We hold that the Circuit Court of Cass County was without jurisdiction to entertain the petition for review filed February 23, 1979, because it was not filed within 30 days after the Director's Order was mailed.

The judgment of the trial court is reversed and the cause is remanded with directions to dismiss the petition for review filed by R. B. Industries February 23, 1979.

SEILER, WELLIVER, MORGAN and HIGGINS, JJ., concur.

BARDGETT, C. J., dissents in separate dissenting opinion filed.

RENDLEN, J., dissents in separate dissenting opinion filed.

BARDGETT, Chief Justice, dissenting.

I respectfully dissent for two reasons.

First, § 536.110.1 RSMo 1978 permits the petition for review to be filed within thirty days "after the mailing or delivery of the notice of the agency's final decision." The petition was filed within thirty days after delivery of the notice, which, in my opinion, was permissible under the plain meaning of the statute because the disjunctive OR is used. However, if the meaning is ambiguous or unclear, the statute should be construed to permit review on the merits.

Second, even if the thirty days begins to run upon mailing, Rule 44.01(e) cited in the principal opinion allows three extra days when the notice may be and is served by mail. The rule does not caution that it is inapplicable to judicial review of administrative decisions but rather, on its face, is plainly applicable to such proceedings.
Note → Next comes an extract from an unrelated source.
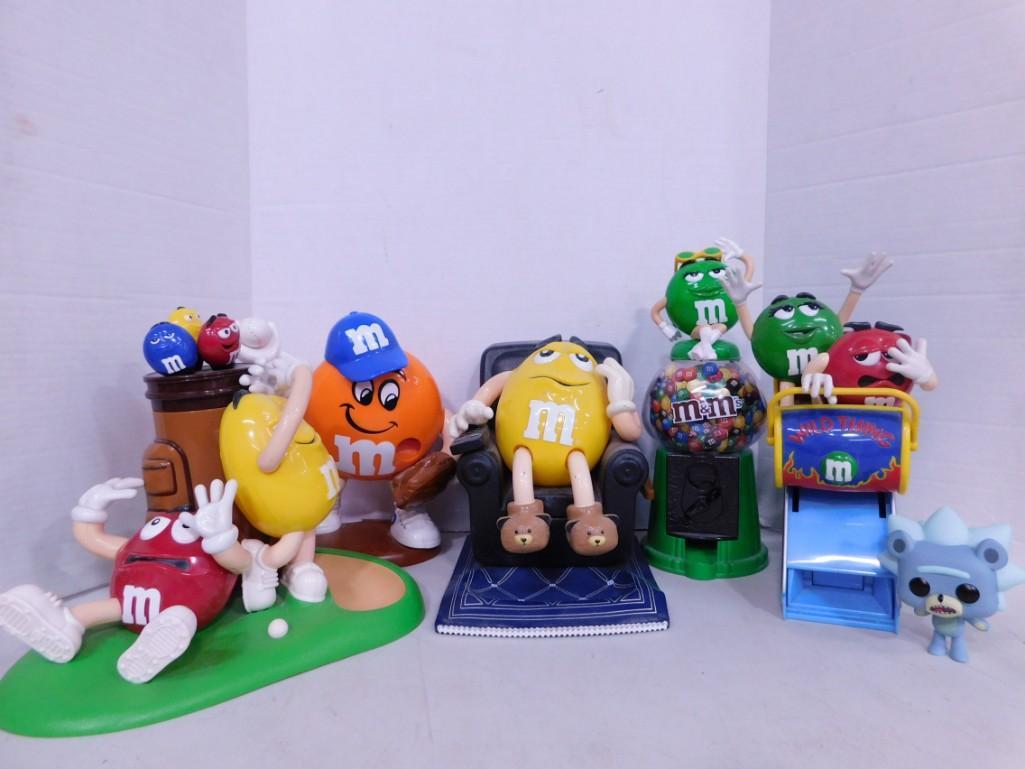 Lot of M&Ms Dispensers and Collectibles (1 of 3)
I would hold that it is applicable to review of administrative decisions. I believe that to hold Rule 44.01(e) not applicable simply renders the rule a trap into which any person will fall if they apply an ordinary understanding of the English language to the rule. Therefore, I dissent.

RENDLEN, Judge, dissenting.

I respectfully dissent because I believe the 30 day time limit of the statute (§ 536.110.1, RSMo 1978) and the rule (100.04(a)) should be construed with rule 44.01(e) which extends the time for filing the petition for review 3 days when notice is served by mail. The statute and rule prescribe nothing more than the procedural format for invoking the Circuit Court's jurisdiction to judicially review administrative decisions. Though the 1972 divisional opinion of this Court in Randles v. Schaffner, 485 S.W.2d 1 (Mo.1972), cited by the majority, states that compliance with § 302.111 is "jurisdictional," the court also recognized that the statute was "procedural." Id. at *8 3.[1] Whatever the meaning of the phrase, "within 30 days after the mailing or delivery of the notice," this Court under its constitutional rule making powers pursuant to art. V, § 5, Mo.Const. superseded the statute by adoption of procedural rules 100.04(a) and 44.01(e) which must be read in harmony and construed together. Thus, procedural rule 100.04(a) and procedural rule 44.01(e) when read together should control. To paraphrase the language from Randles cited by the majority, "[T]he legislature [the Supreme Court under its rule making power] is authorized to, and did, provide a method of review by designating. . .the time within which such review should be sought." Id. at 3. Within this view of our rule making power it is neither necessary nor desirable to overrule Randles, for indeed it could be said when such notice was mailed the procedure for invoking the trial court's jurisdiction contemplated a 33 day time limit and, in the cited language of Randles, "Such procedure having been established, failure to comply with the statute [rule] is jurisdictional." (Emphasis added.) Id.

Appellant's filing of its petition for review on the 31st day after the order was mailed was timely. Accordingly, I would remand the cause with directions to entertain the appeal on its merits.

NOTES

[1] Though cited by the majority Randles v. Schaffner, 485 S.W.2d 1 (Mo.1972) is not controlling here. That case involved an interpretation of § 302.311, RSMo 1969, providing for review of determinations by the Director of Revenue where drivers' licenses were revoked or suspended. In the case of drivers' license determinations this Court had not promulgated a rule like rule 100.04(a) pertinent to the case sub judice, prescribing the procedure for invoking the substantive right of appeal. Moreover, Randles did not address the effect of rule 44.01(e) (effective September 1, 1972) as that rule was not applicable to the notice mailed by the Department of Revenue on December 7, 1970. See Id. at 2.